Rz. 22

Die Legitimität der Bilanzpolitik steht keineswegs von vornherein außer Frage.[1] Folgende grundsätzlichen Einwände können vorgebracht werden:

  • Weil der Jahresabschluss auch der Rechenschaftslegung dienen soll, stellt Bilanzpolitik eine Verfälschung der Rechenschaft dar; das gilt insbesondere dann, wenn auf diese Weise Fehlentscheidungen der Geschäftsführung kaschiert werden (vgl. Rz. 13). Eine freie Wirtschaft lebt von fairen, zutreffenden Informationen, die Gesellschaftern und Gläubigern das für ihr finanzielles Engagement notwendige Vertrauen ermöglichen.[2]
  • Die bereits durch das Bilanzrichtlinien-Gesetz betonten und insbesondere durch das Bilanzrechtsmodernisierungsgesetz deutlich gestärkten Informationsinteressen Außenstehender werden durch bilanzpolitische Maßnahmen beeinträchtigt.
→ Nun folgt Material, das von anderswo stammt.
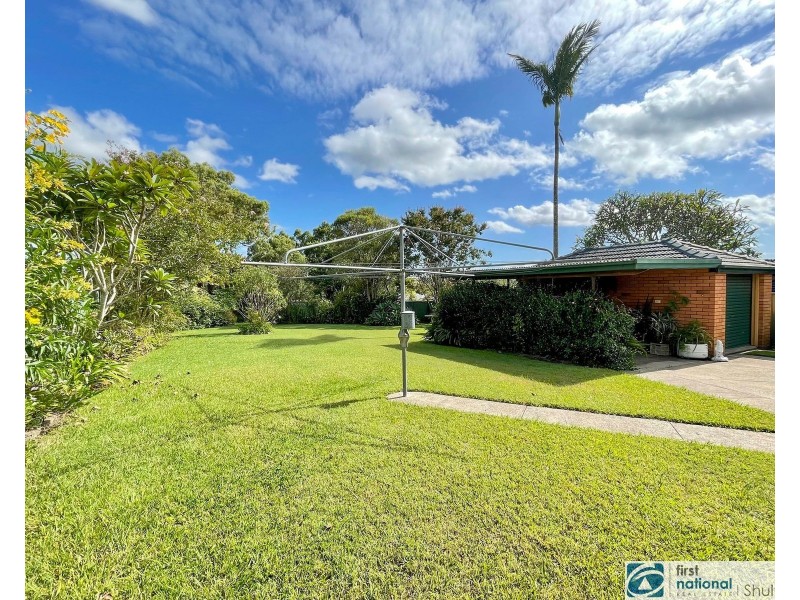 14 Short Street, Taree NSW 2430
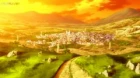 Party kara Tsuihou sareta Sono Chiyushi, Jitsu wa Saikyou ni Tsuki episodio 3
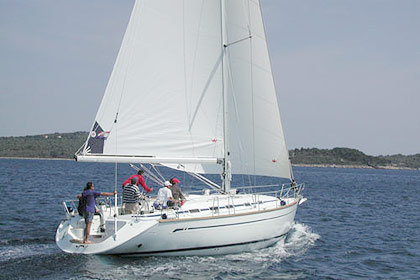 Bavaria 49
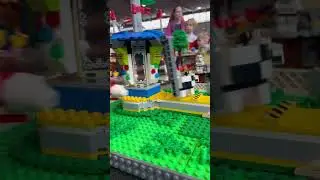 #lego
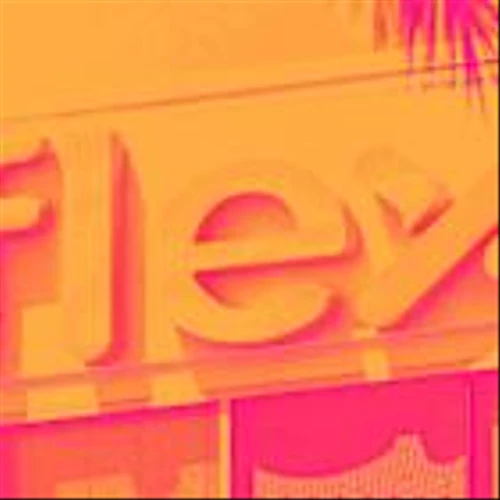 What To Expect From Flex’s (FLEX) Q1 Earnings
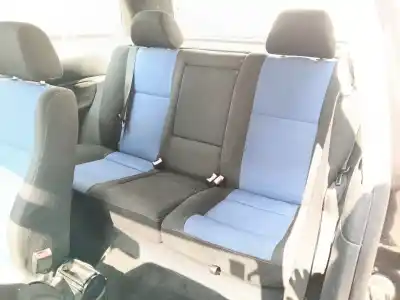 Veículo de Sucata volkswagen golf iv (1j1) 1.9 tdi do ano 2002 alimentado asz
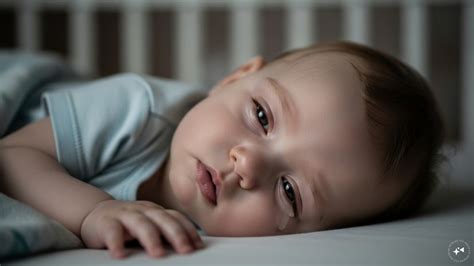 Baby Food: ఏడాది లోపు పిల్లలకు ఇది అస్సలు పెట్టకండి.. బోటులిజం వ్యాధి ...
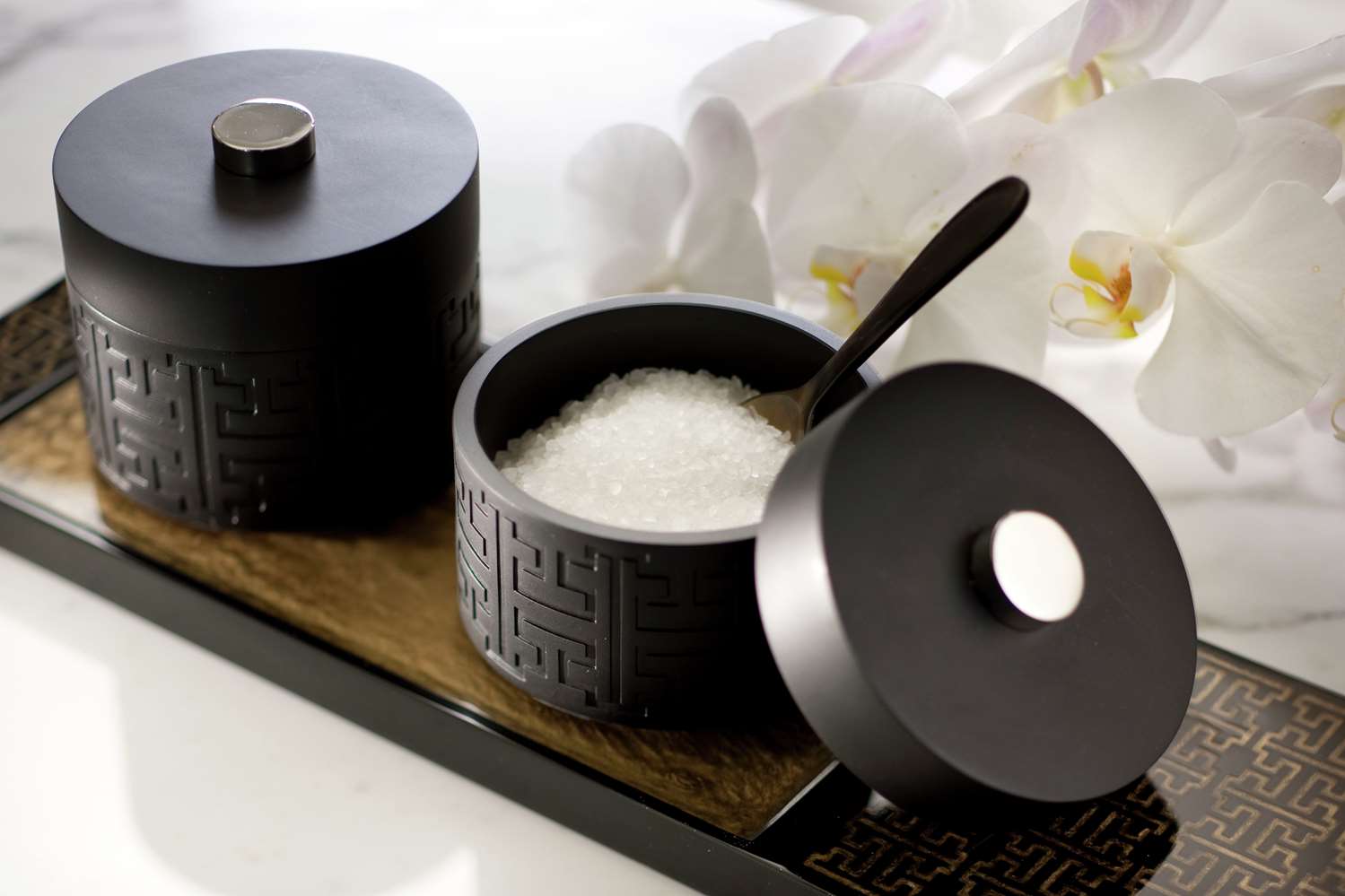 Фото Waldorf Astoria Las Vegas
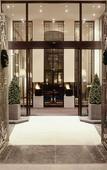 Туры в отель The Dominican, Brussels, a Member of Design Hotels Туры в отель The Dominican, Brussels, a Member of Design Hotels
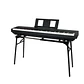Atril Hebikuo Q-250 tipo Mesa para Piano  - Miniatura 2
In diesem Zusammenhang ist der für alle Kapitalgesellschaften (einschließlich Kleinst-Kapitalgesellschaften) vorgeschriebene Informationsvermittlungsgrundsatz des True and Fair View in § 264 Abs. 2 HGB zu beachten. Zwar steht die Informationsvermittlung unter dem ausdrücklichen Vorbehalt der Beachtung der Grundsätze ordnungsmäßiger Buchführung und kann auch nicht die vorrangigen spezialgesetzlichen Regelungen verdrängen, dennoch ist dieser in § 264 Abs. 2 Satz 1 HGB zum Ausdruck kommende gesetzgeberische Wille bei der Auslegung von Einzelvorschriften zu beachten[3]
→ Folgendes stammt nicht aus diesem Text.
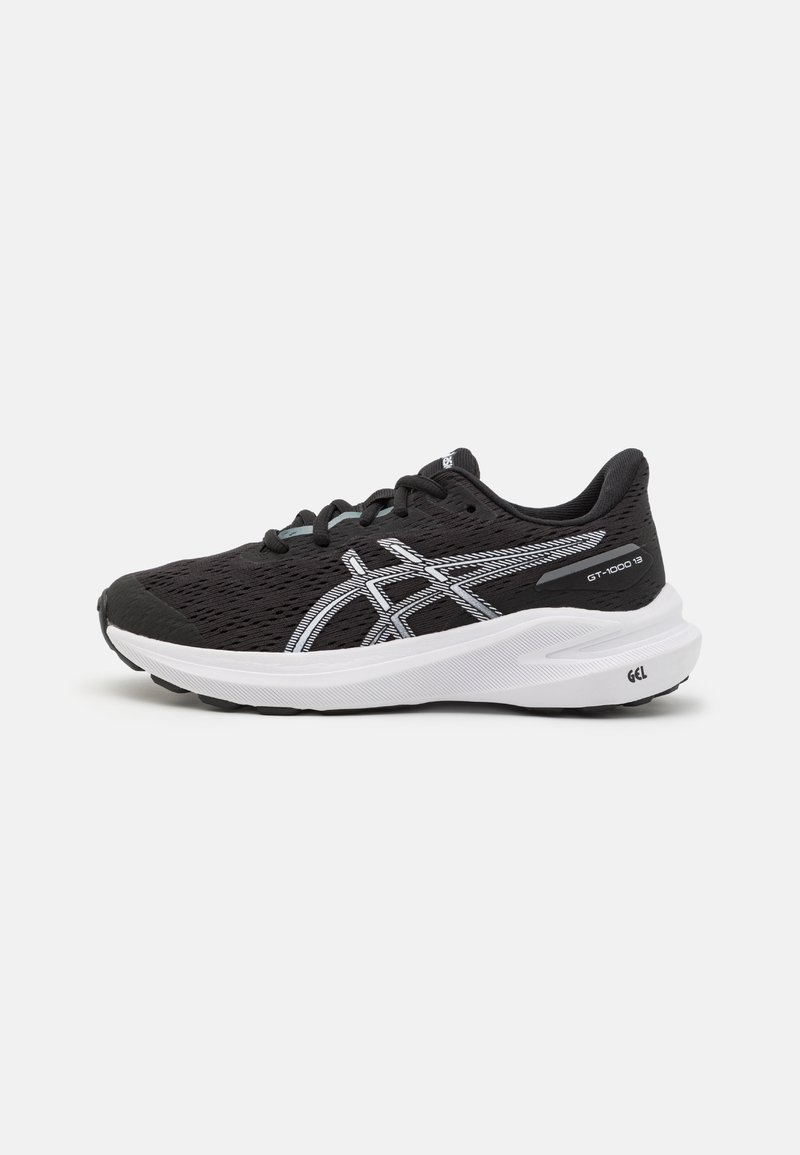 ASICS ASICS GT-1000 13 UNISEX - Neutral running shoes Günstiger Verkauf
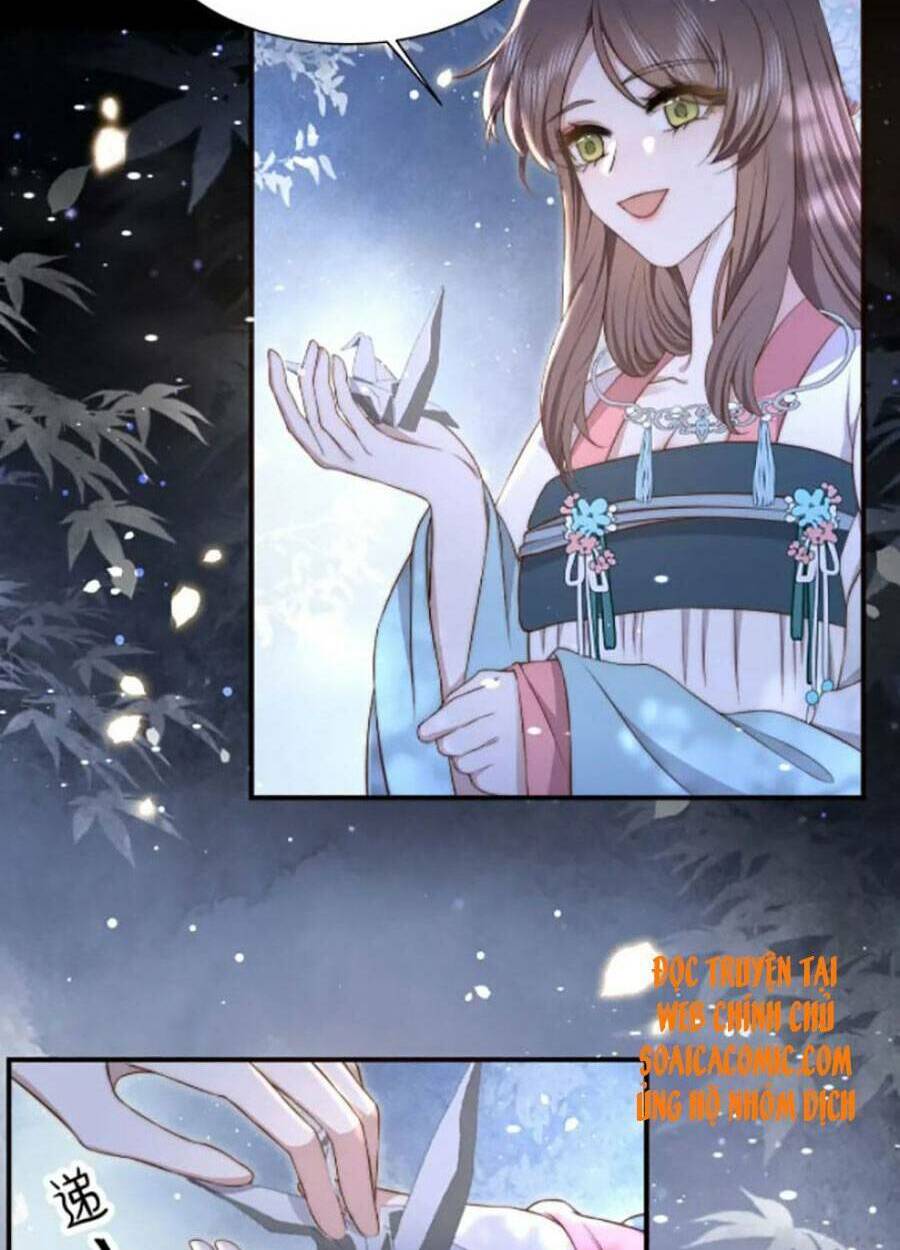 Chương 28 - Trang 23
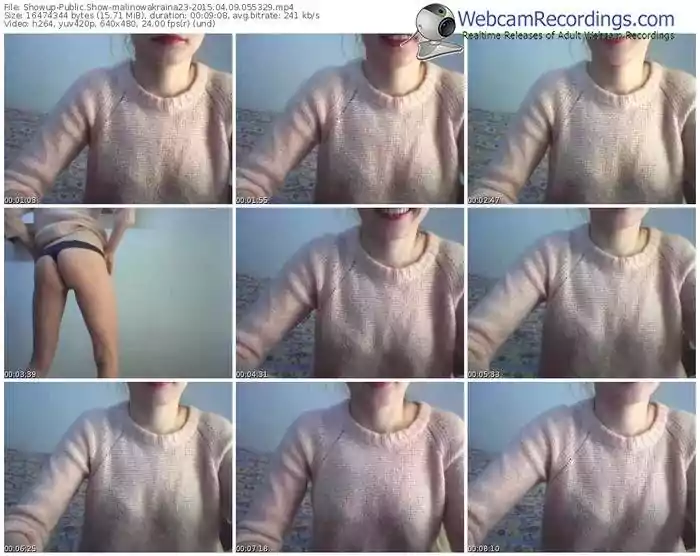 showup-malinowakraina23-public-show-04_09_2015-05_53_29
    und steht insbesondere einer Beschränkung der vermittelten Informationen oder gar einer verzerrten Darstellung entgegen.

  • Bilanzpolitik in der Steuerbilanz widerspricht dem Grundsatz der Gleichmäßigkeit der Besteuerung, weil außerhalb des Unternehmensbereichs derartig weitgehende Möglichkeiten zur Beeinflussung steuerlicher Bemessungsgrundlagen nicht bestehen.
 

Rz. 23

Dem ist zunächst entgegenzuhalten, dass der Gesetzgeber Bilanzpolitik durch die Einräumung zahlreicher Bilanzierungs- und Bewertungswahlrechte in verschiedenen Gesetzen handels- und steuerrechtlich ausdrücklich gestattet hat. Es ist deshalb gerechtfertigt, wenn die Unternehmen solche Möglichkeiten nutzen, solange dies in dem gesetzlich vorgegebenen Rahmen geschieht.
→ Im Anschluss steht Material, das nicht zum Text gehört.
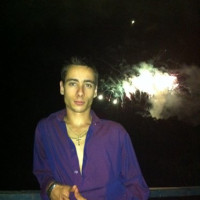 photo de Alessicilien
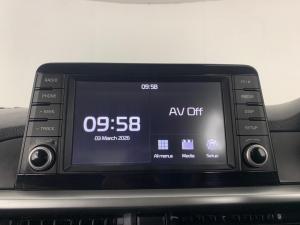Kia Picanto 1.0 Style automatic - Image 6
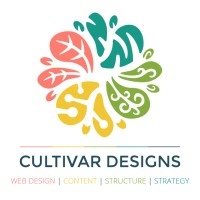Cultivar Designs Llc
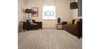 When to DIY and When to Hire a Professional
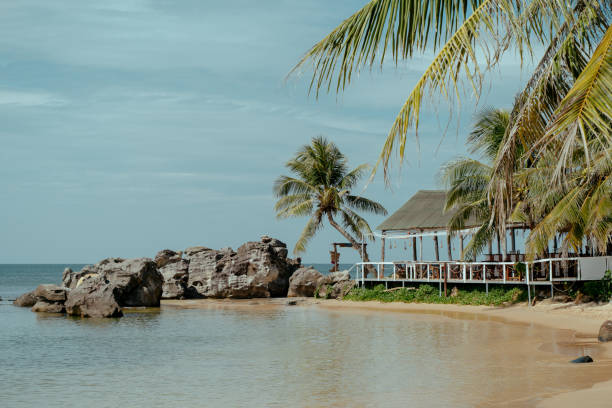 푸꾸옥-빈펄리조트-풀빌라_연관이미지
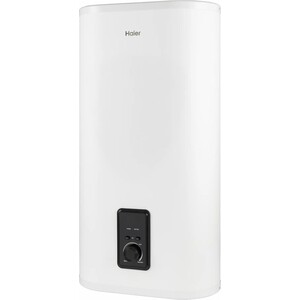 Накопительный водонагреватель Haier ES50V-F4 INOX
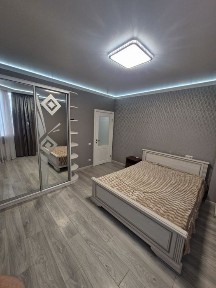 Київська область, Софіївська Борщагівка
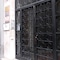 Hotel Catania Town - map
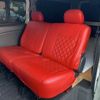 nissan caravan-van 2012 -NISSAN--Caravan Van LDF-VW2E26--VW2E26-003827---NISSAN--Caravan Van LDF-VW2E26--VW2E26-003827- image 22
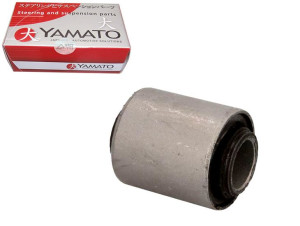 Silentblock Wahacza Nissan Primera 1.6-2.0d 06.90-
Demzufolge ist von Bilanzpolitik auch nur dann zu sprechen, wenn sich die Entscheidungsträger mit ihren zielgerichteten Gestaltungen im Rahmen der vom Gesetzgeber zugestandenen Spielräume bewegen. Daher werden die Grenzen der Bilanzpolitik überschritten, wenn die Entscheidungsträger Bilanz- und Wertansätze sowie Gestaltungen wählen, welche im HGB-Abschluss nicht mit den Grundsätzen ordnungsmäßiger Buchführung korrespondieren, gegen zwingende Normen des Handels- und Gesellschaftsrechts verstoßen oder nicht mit der Satzung bzw. dem Gesellschaftsvertrag in Einklang stehen.[4]

[1] Vgl. Schulze zur Wiesch, in IdW, Bilanzpolitik durch Sachverhaltsgestaltung – Tendenzen und Grenzen, in 50 Jahre Wirtschaftsprüferberuf, Bericht über die Jubiläumsfachtagung vom 21. bis 23.10.1981 in Berlin, 1981, S. 67.
[2] Vgl. Clemm, WPg 1989, S. 363.
[3] Vgl. z. B. Störk/Rimmelspacher, in Grottel u. a., Beck'scher Bilanz-Kommentar, 13. Aufl. 2022, § 264 HGB Rz. 30 f.
[4] Vgl. Freidank, Entscheidungsmodelle der Rechnungslegungspolitik, 1990, S. 20.